This dataset is maintained by the Multimedia Computing and Computer Vision Lab, Augsburg University.

Changelog

FlickrLogos-32

The dataset FlickrLogos-32 contains photos showing brand logos and is meant for the evaluation of logo retrieval and multi-class logo detection/recognition systems on real-world images. We collected logos of 32 different logo brands by downloading them from Flickr. All logos have an approximately planar surface.

Visual summary of all 32 classes

Visual summary of test set of all 32 classes

Partitions / subsets

The retrieved images were inspected manually to ensure that the specific logo is actually shown. The whole dataset is split into three disjoint subsets P1, P2, and P3, each containing images of all 32 classes. The first partition P1 - the training set - consists of 10 images that were hand-picked such that these consistently show a single logo under various views with as little background clutter as possible. The other two partitions P2 (validation set) and P3 (test set = query set) contain 30 images per class. Unlike P1 these images contain at least one instance of a logo but in several cases multiple instances.

To facilitate the development of high-precision classifiers the evaluation of their sensitivity on non-logo images is important. Therefore both partitions P2, and P3 include another 3000 images downloaded from Flickr with the queries "building", "nature", "people" and "friends". These images are the negative images and complete our dataset. A brief summary of the data subsets is shown in the table below.

Dataset partitions / Subsets
Partition Description Images #Images
P1, P2 and P3 are disjoint. 8240 images
P1 (training set) Hand-picked images 10 per class 320 images
P2 (validation set) Images showing at least a single logo under various views 30 per class 3960 images
Non-logo images 3000
P3 (test set = query set) Images showing at least a single logo under various views 30 per class 3960 images
Non-logo images 3000

Pixel-level annotations

Pixel-level annotations

This dataset further includes pixel-level annotations, i.e. binary masks + bounding boxes (see above) that mark the position of the logo in each image.

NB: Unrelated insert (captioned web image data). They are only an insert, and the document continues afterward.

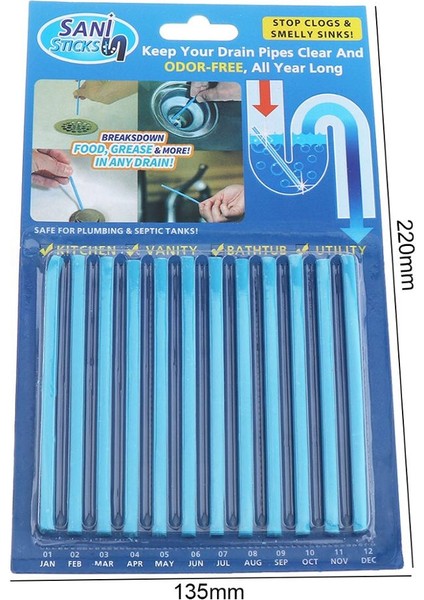 Mutfak Aksesuarları Boru Banyo Dezenfeksiyonu Drenaj Mutfak Lavabo Filtre Sani Stick Kanalizasyon Temizleme Çubuğu (Yurt Dışından) fiyatları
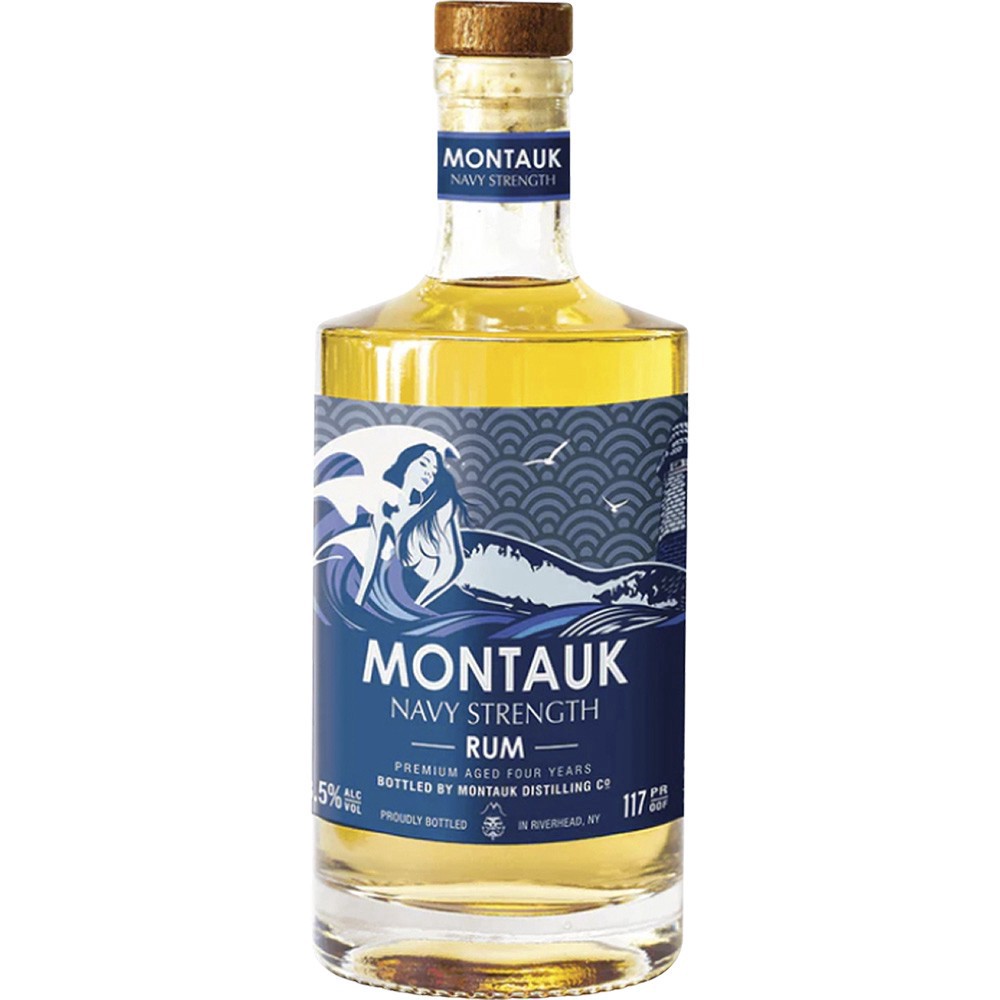 slide 1 of 1, Montauk Distilling Navy Strnth Rum, 750 ml
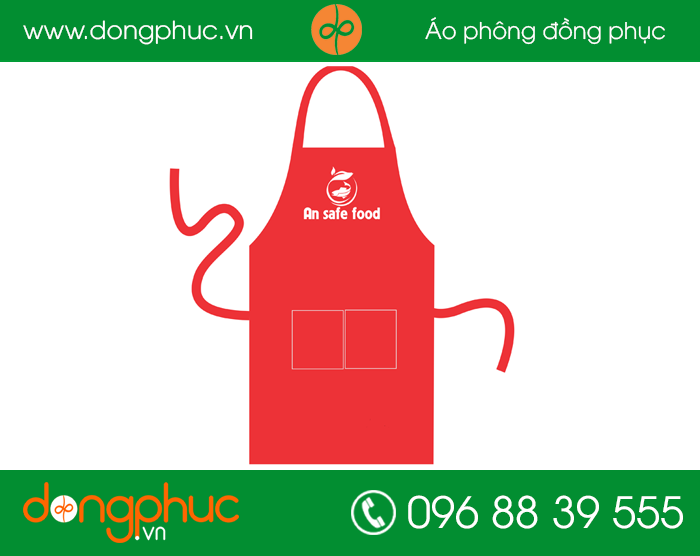 May tạp dề quán An Safe Food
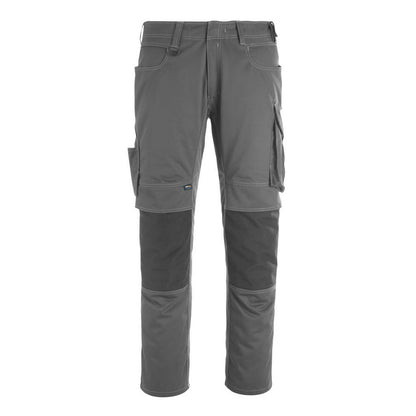 Dark Anthracite-Black - Front - Mascot Mens Unique Erlangen Work Trousers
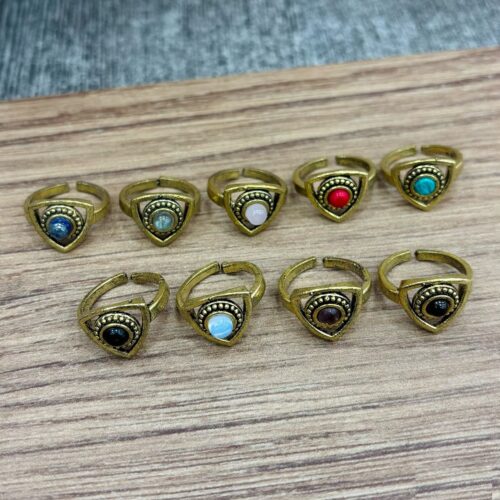 Anillo Dorado Piedra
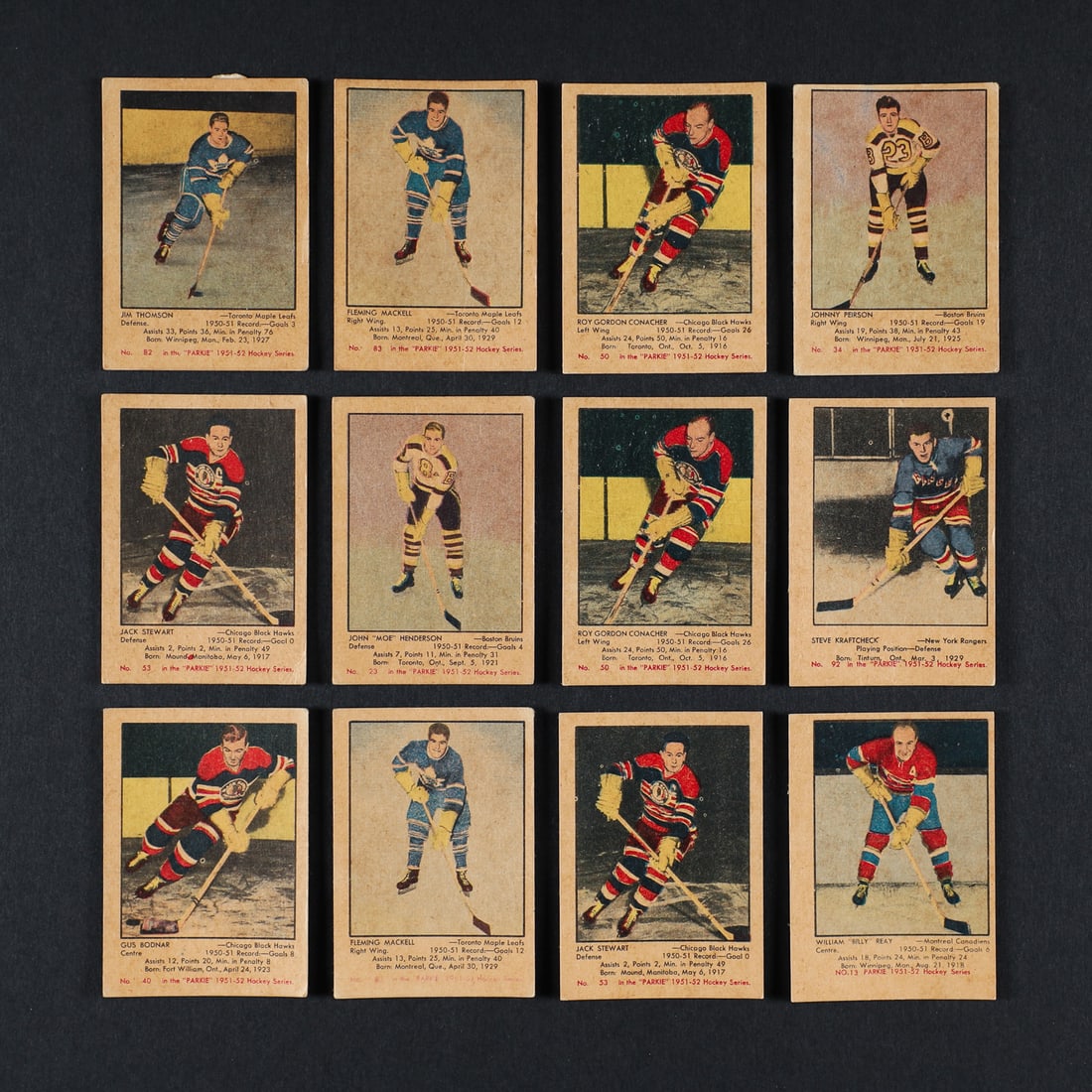 1951-1952 Parkhurst Grouping w/ 12 HOFers (31) - 3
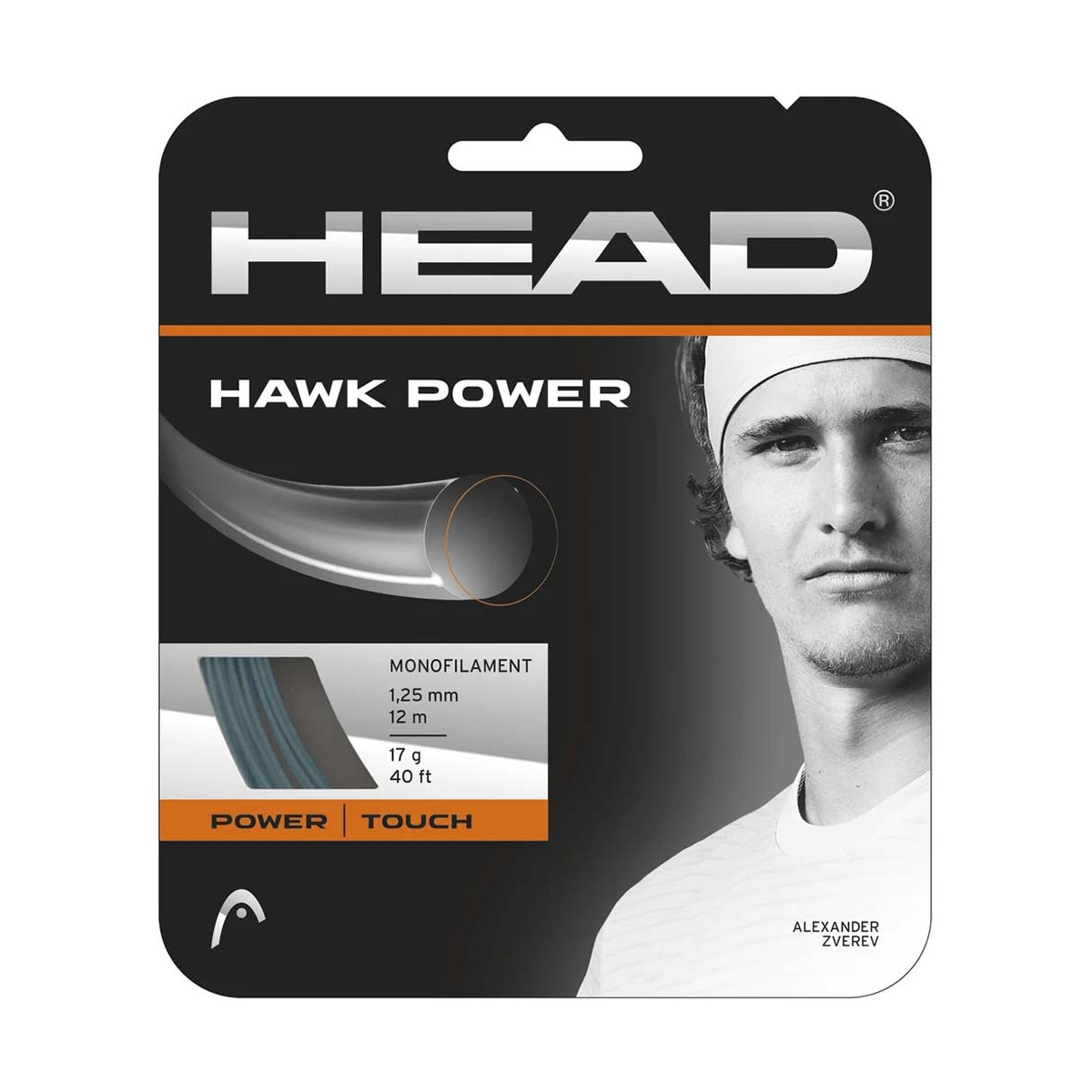 Head Hawk Black 12m String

The binary masks are provided as .png files as well as by the coordinates of the corresponding bounding box.
Each logo image in <basedir>/classes/jpg/<class>/<file>.jpg has its mask in <basedir>/classes/masks/<class>/<file>.mask.<n>.png where n is the mask number starting at 0.
Masks are single-channel PNG images of the same size as the original image. Masked areas (where the logos is) have a value != 0, unmasked areas (=background) 0.

There are separate masks for each annotation in an image available and an additional mask merged from all individual masks:
Each logo image in <basedir>/classes/jpg/<class>/<file>.jpg has its merged mask in <basedir>/classes/masks/<class>/<file>.mask.merged.png.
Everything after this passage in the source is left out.